WHAT THE TASK REQUIRES
The entries below are to be repeated exactly, with the pictures left out.

PROVIDED DATA
/---

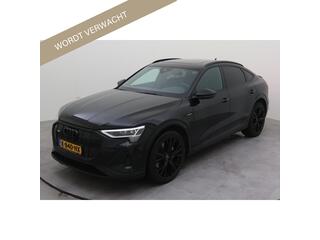 audi-e-tron-sportback-55-quattro-40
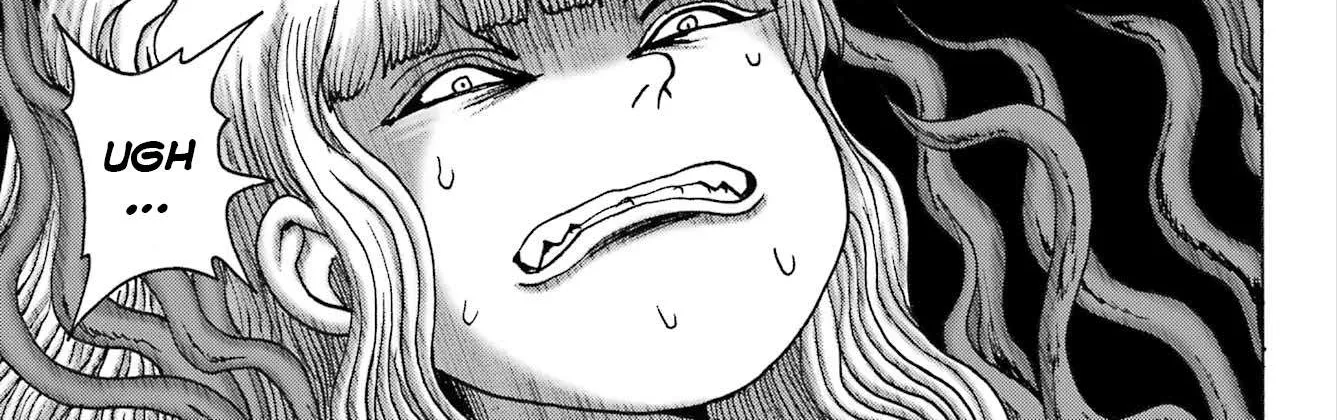 High Score Girl DASH Chapter 59 page 34 - 
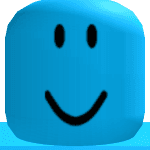 Bpayn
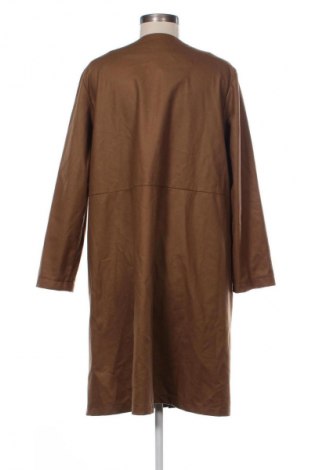 Γυναικείο παλτό Akin, Μέγεθος L, Χρώμα Καφέ, Τιμή 29,73 €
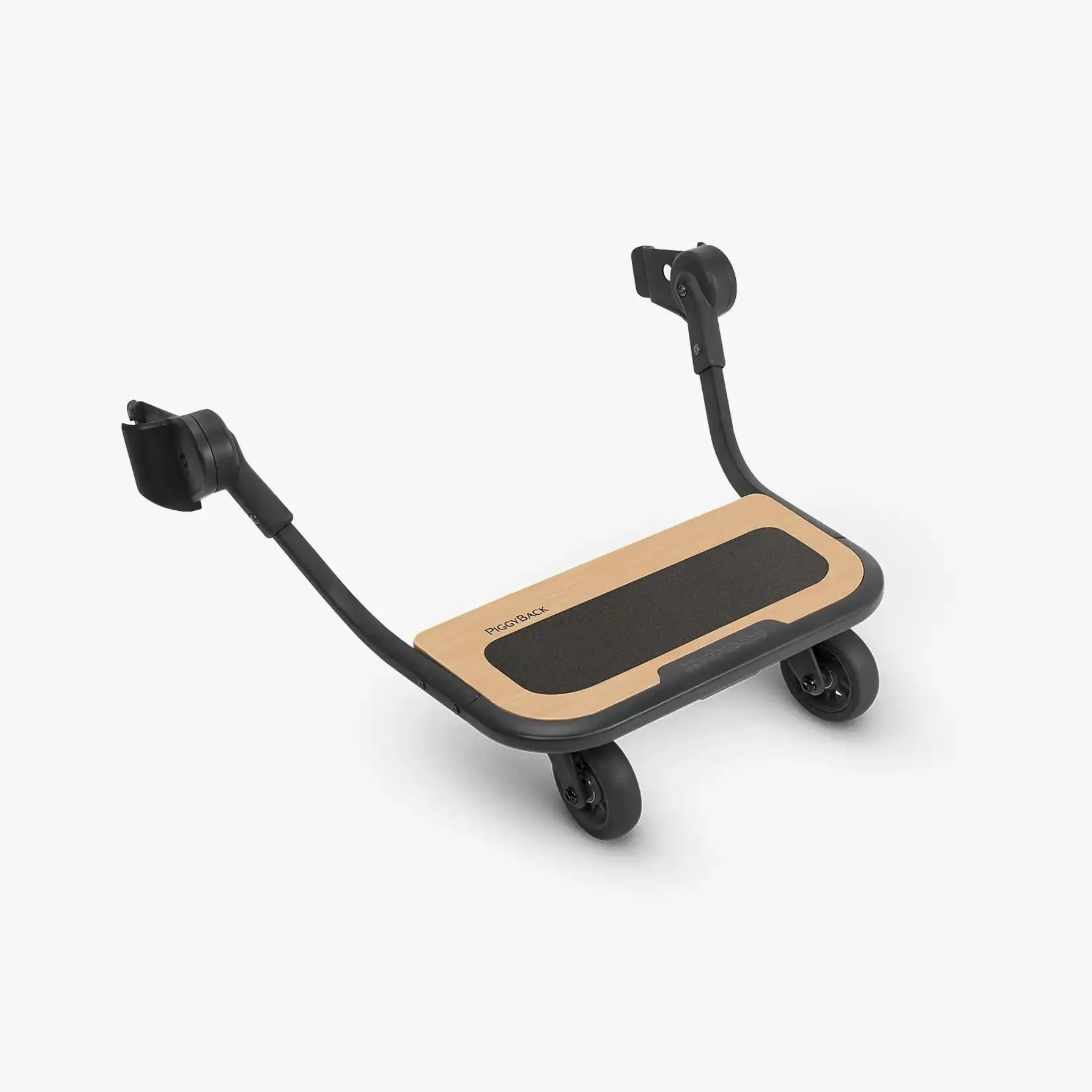 UPPAbaby | Vista PiggyBack Board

\---

EXPECTED ANSWER
 audi-e-tron-sportback-55-quattro-40
 High Score Girl DASH Chapter 59 page 34 - 
 Bpayn
 Γυναικείο παλτό Akin, Μέγεθος L, Χρώμα Καφέ, Τιμή 29,73 €
 UPPAbaby | Vista PiggyBack Board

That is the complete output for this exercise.